====== Supplied records ======

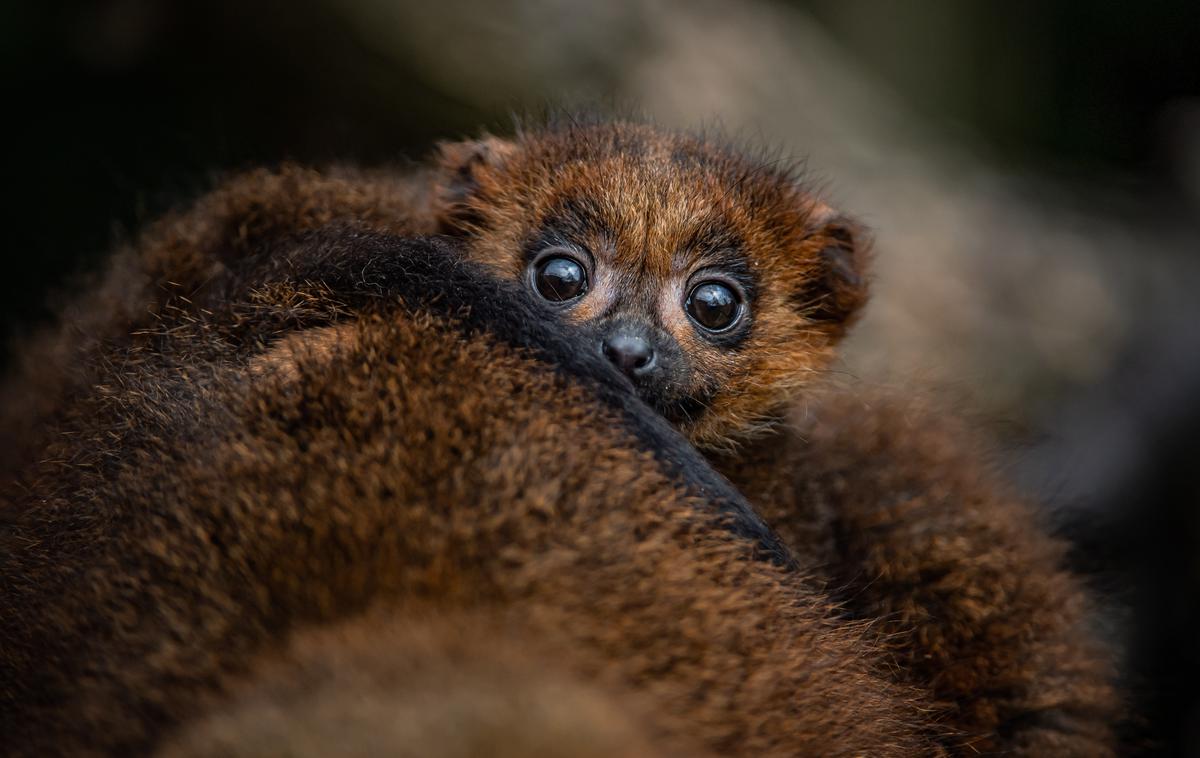 lemur | Foto cover images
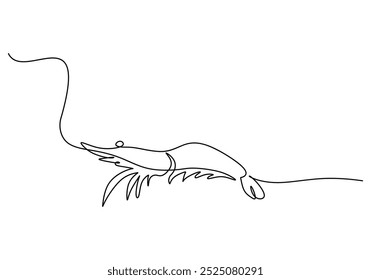 Shrimp continuous one line drawing. Ocean animal food concept. Vector illustration minimalist background.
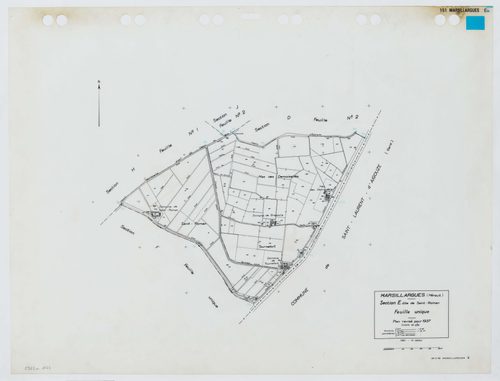 Marsillargues
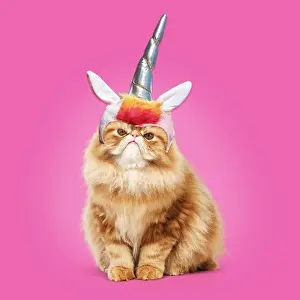 Unicorn: Cat, grumpy Red Persian wearing unicorn horn hat / headwear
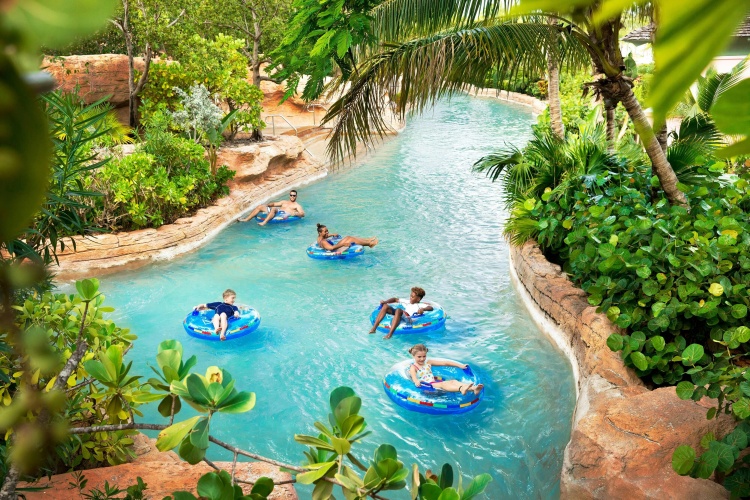 The Coral at Atlantis photo 28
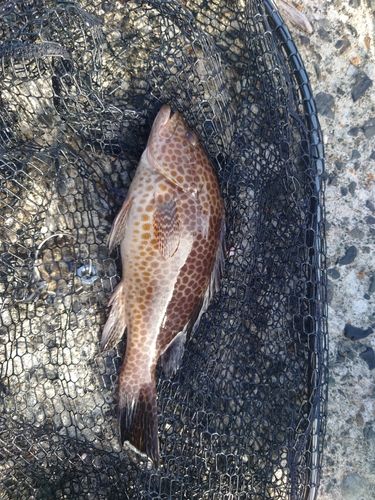オオモンハタの釣果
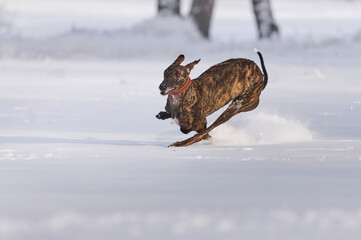 gestromter spanischer Windhund rennt durch Schnee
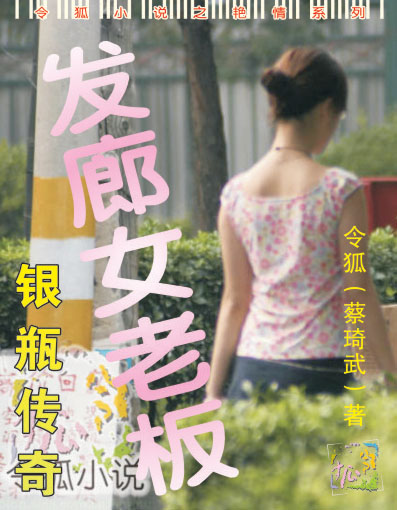 银瓶传奇:发廊女老板封面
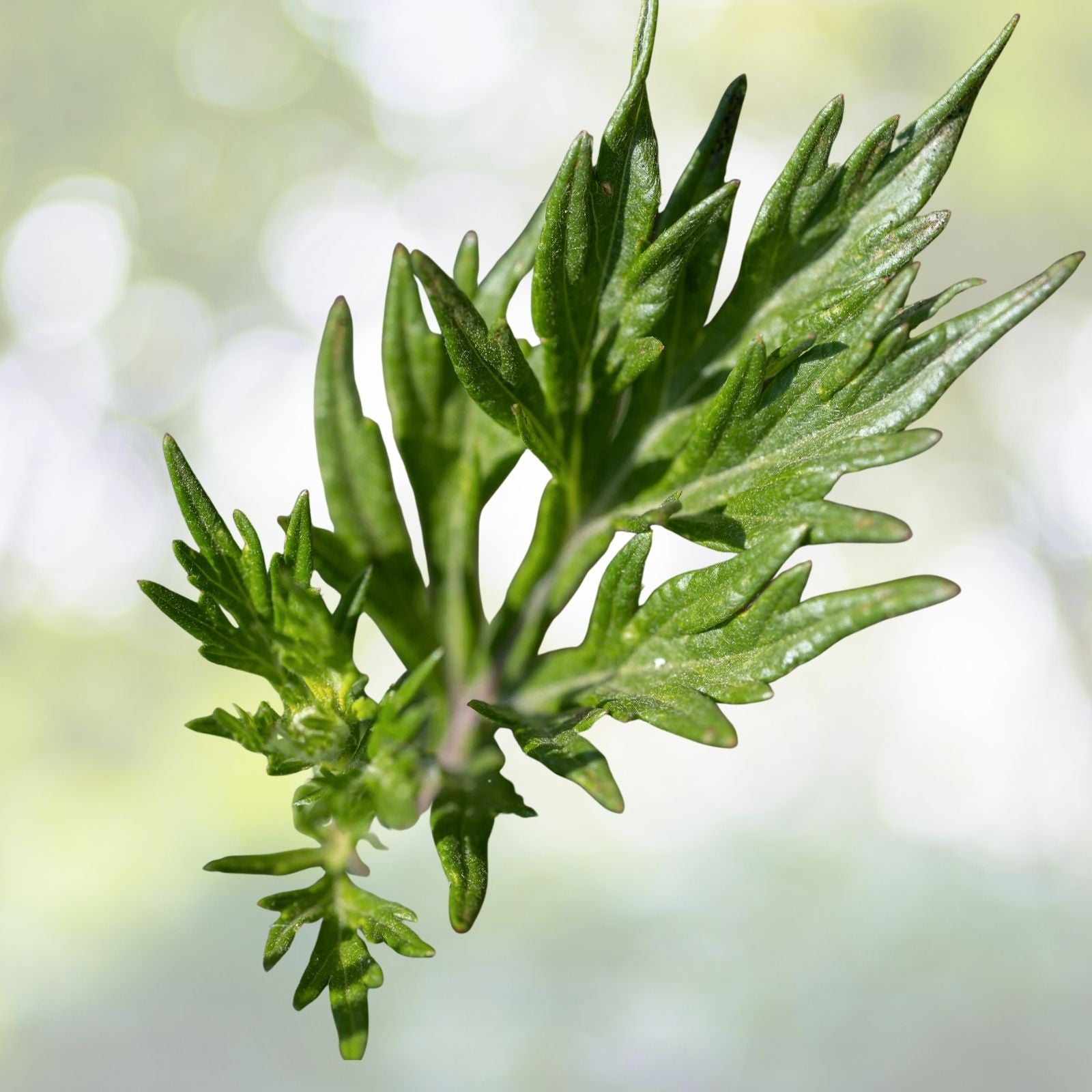 500+ Mugwort Seeds, Culinary Medicinal Herb, Artemisia vulgaris, Perennial Plant, USA Grown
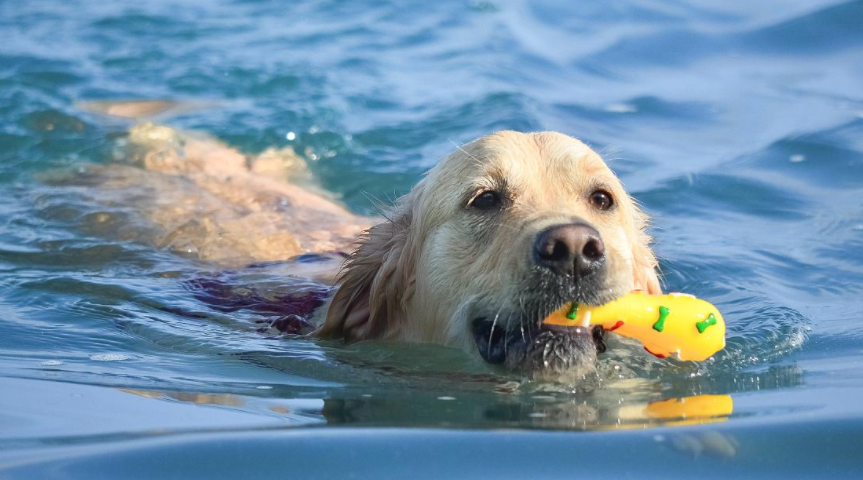 擅长游泳的5种狗，关键时刻还能救人，值得你饲养
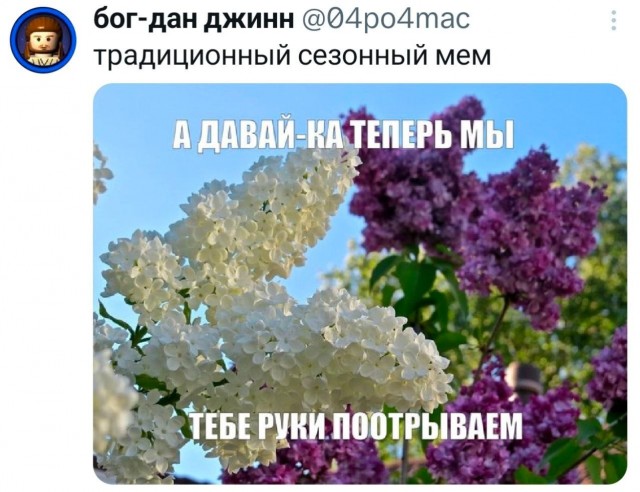 Цветёт?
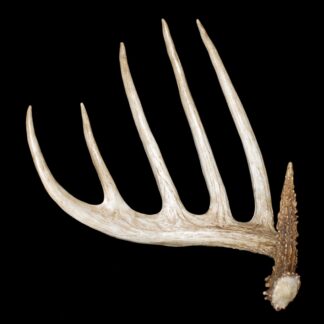 The Kansas King Shed, a single six-point deer antler in light brown with a rough, knobby base, is displayed against a solid black background.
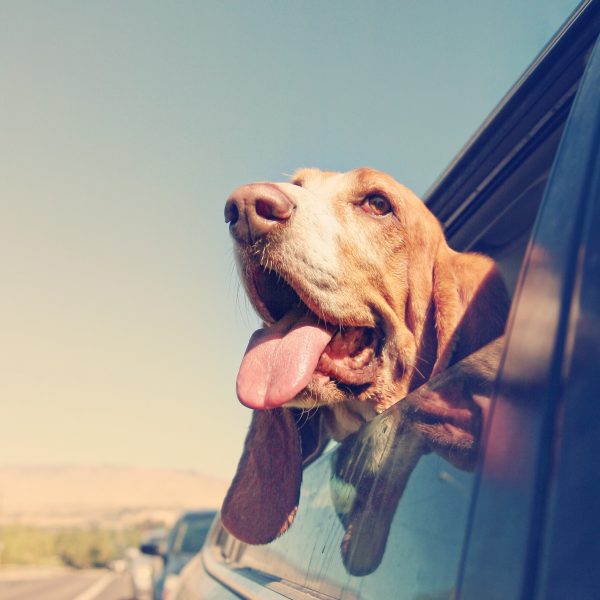 basset hound looking out a car window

======

■ **What is required**
Your task is to reproduce exactly the lines from the start of the data above through the line containing "银瓶传奇:发廊女老板封面", leaving every picture out.

■ **Exercise answer**
 lemur | Foto cover images
 Shrimp continuous one line drawing. Ocean animal food concept. Vector illustration minimalist background.
 Marsillargues
 Unicorn: Cat, grumpy Red Persian wearing unicorn horn hat / headwear
 The Coral at Atlantis photo 28
オオモンハタの釣果
 gestromter spanischer Windhund rennt durch Schnee
 银瓶传奇:发廊女老板封面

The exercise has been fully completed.